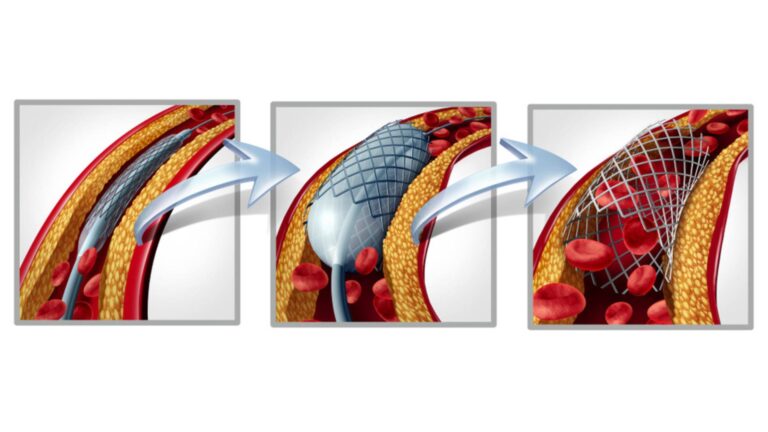 ΑΓΓΕΙΟΠΛΑΣΤΙΚΗ (STENT – ΜΠΑΛΟΝΑΚΙ) ΜΕΤΑ ΤΙ…?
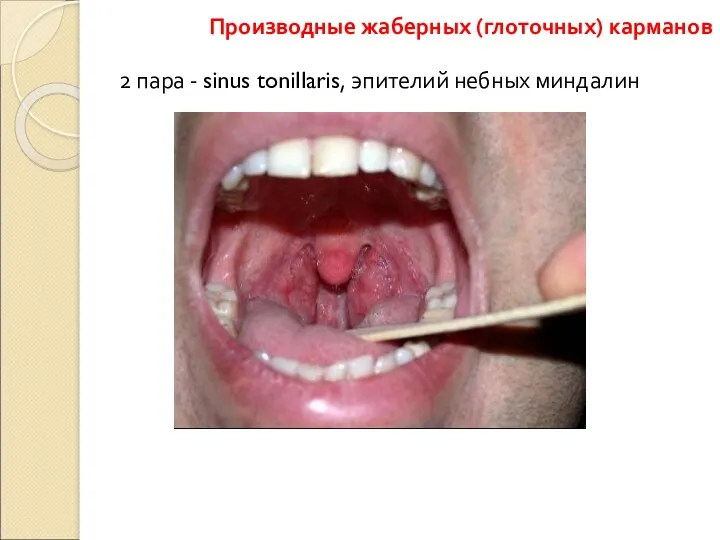 2 пара - sinus tonillaris, эпителий небных миндалин Производные жаберных (глоточных) карманов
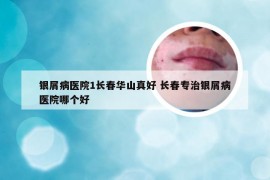 银屑病医院1长春华山真好 长春专治银屑病医院哪个好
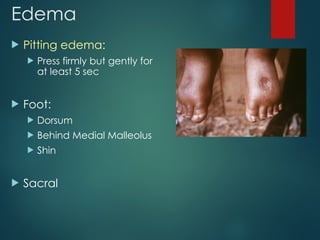 Edema
 Pitting edema:
 Press firmly but gently for
at least 5 sec
 Foot:
 Dorsum
 Behind Medial Malleolus
 Shin
 Sacral
 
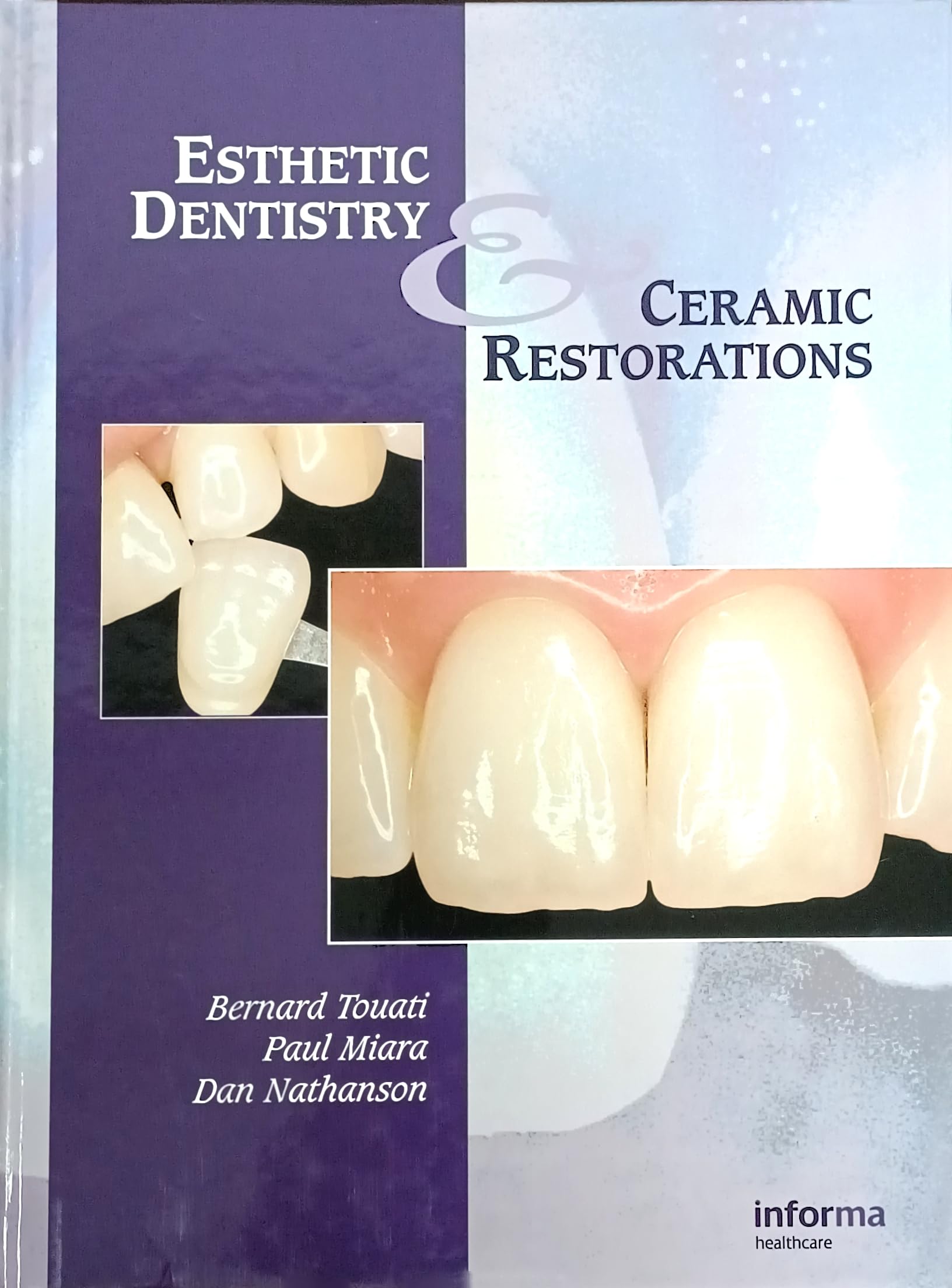 Esthetic Dentistry and Ceramic Restoration
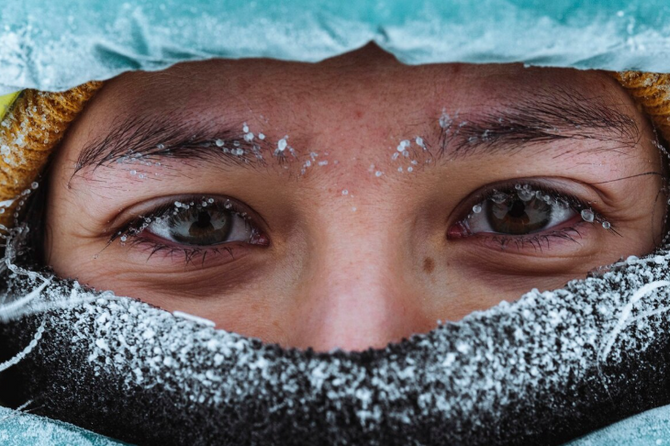 Врач рассказала о самых частых проблемах со зрением в зимний период 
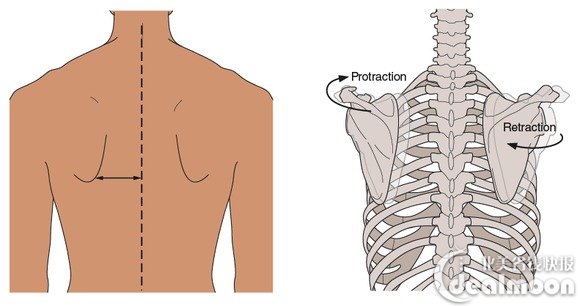 如果在两臂自然下垂时,肩胛骨靠近脊柱侧突起明显,就是scapular pro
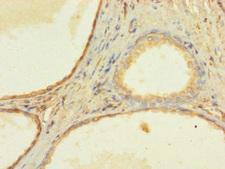 ZNF432 Antibody - Immunohistochemistry of paraffin-embedded human prostate cancer using ZNF432 Antibody at dilution of 1:100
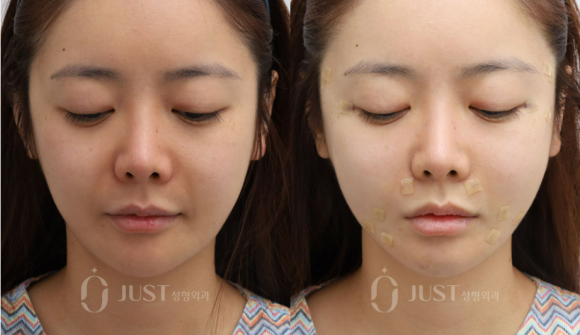 Silhouette Soft: If You Haven’t Tried It Yet, You Can Skip This Post. image 12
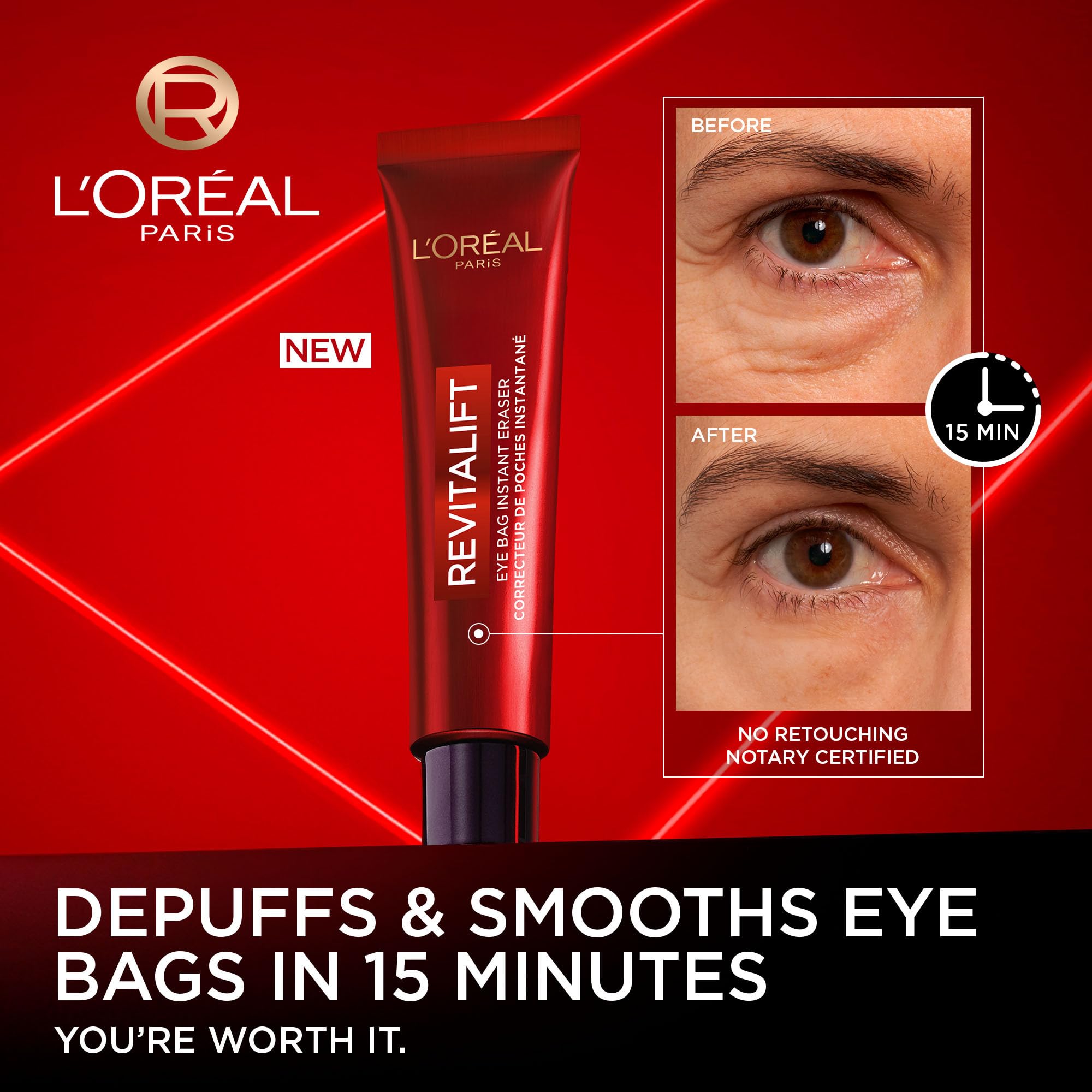 L'Oréal Paris Revitalift Triple Power LZR Instant Eraser Eye Cream, Under Eye Cream for Puffiness and Wrinkles, Anti Aging, Needle-Free Procedure Alternative, 15 mL 🍁 All In One Marketplace Canada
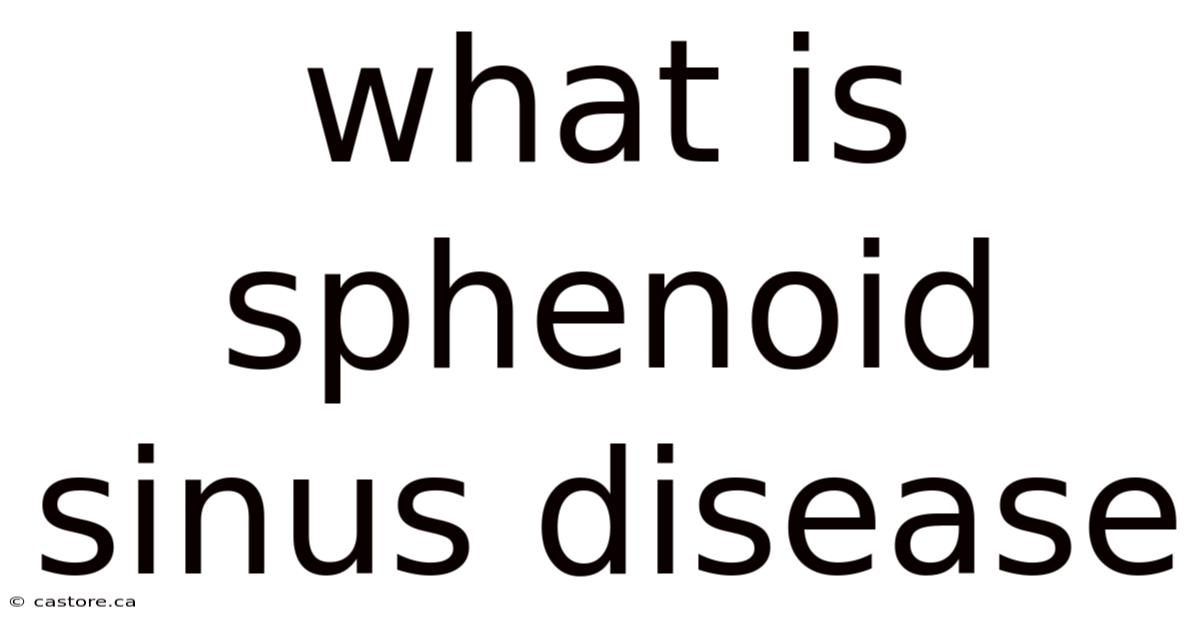 What Is Sphenoid Sinus Disease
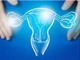 Tumori dell'endometrio, Picardo (Acto Piemonte): "Con dostarlimab trattamenti più efficaci per più donne" Tumori dell'endometrio, Picardo (Acto Piemonte): "Con dostarlimab trattamenti più efficaci per più donne"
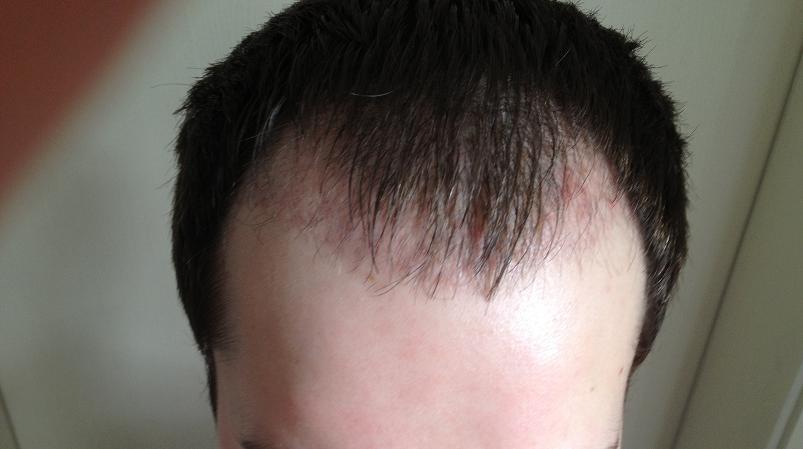 index.php/fa/17753/0/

-=-=-=-=-

▶ [What you need to do]:
Everything in the records above must be restated verbatim, save for the pictures.

▶ [Written response]:
 ΑΓΓΕΙΟΠΛΑΣΤΙΚΗ (STENT – ΜΠΑΛΟΝΑΚΙ) ΜΕΤΑ ΤΙ…?
 2 пара - sinus tonillaris, эпителий небных миндалин Производные жаберных (глоточных) карманов
 银屑病医院1长春华山真好 长春专治银屑病医院哪个好
 Edema
 Pitting edema:
 Press firmly but gently for
at least 5 sec
 Foot:
 Dorsum
 Behind Medial Malleolus
 Shin
 Sacral
 
 Esthetic Dentistry and Ceramic Restoration
 Врач рассказала о самых частых проблемах со зрением в зимний период 
 如果在两臂自然下垂时,肩胛骨靠近脊柱侧突起明显,就是scapular pro
 ZNF432 Antibody - Immunohistochemistry of paraffin-embedded human prostate cancer using ZNF432 Antibody at dilution of 1:100
 Silhouette Soft: If You Haven’t Tried It Yet, You Can Skip This Post. image 12
 L'Oréal Paris Revitalift Triple Power LZR Instant Eraser Eye Cream, Under Eye Cream for Puffiness and Wrinkles, Anti Aging, Needle-Free Procedure Alternative, 15 mL 🍁 All In One Marketplace Canada
 What Is Sphenoid Sinus Disease
 Tumori dell'endometrio, Picardo (Acto Piemonte): "Con dostarlimab trattamenti più efficaci per più donne" Tumori dell'endometrio, Picardo (Acto Piemonte): "Con dostarlimab trattamenti più efficaci per più donne"
 index.php/fa/17753/0/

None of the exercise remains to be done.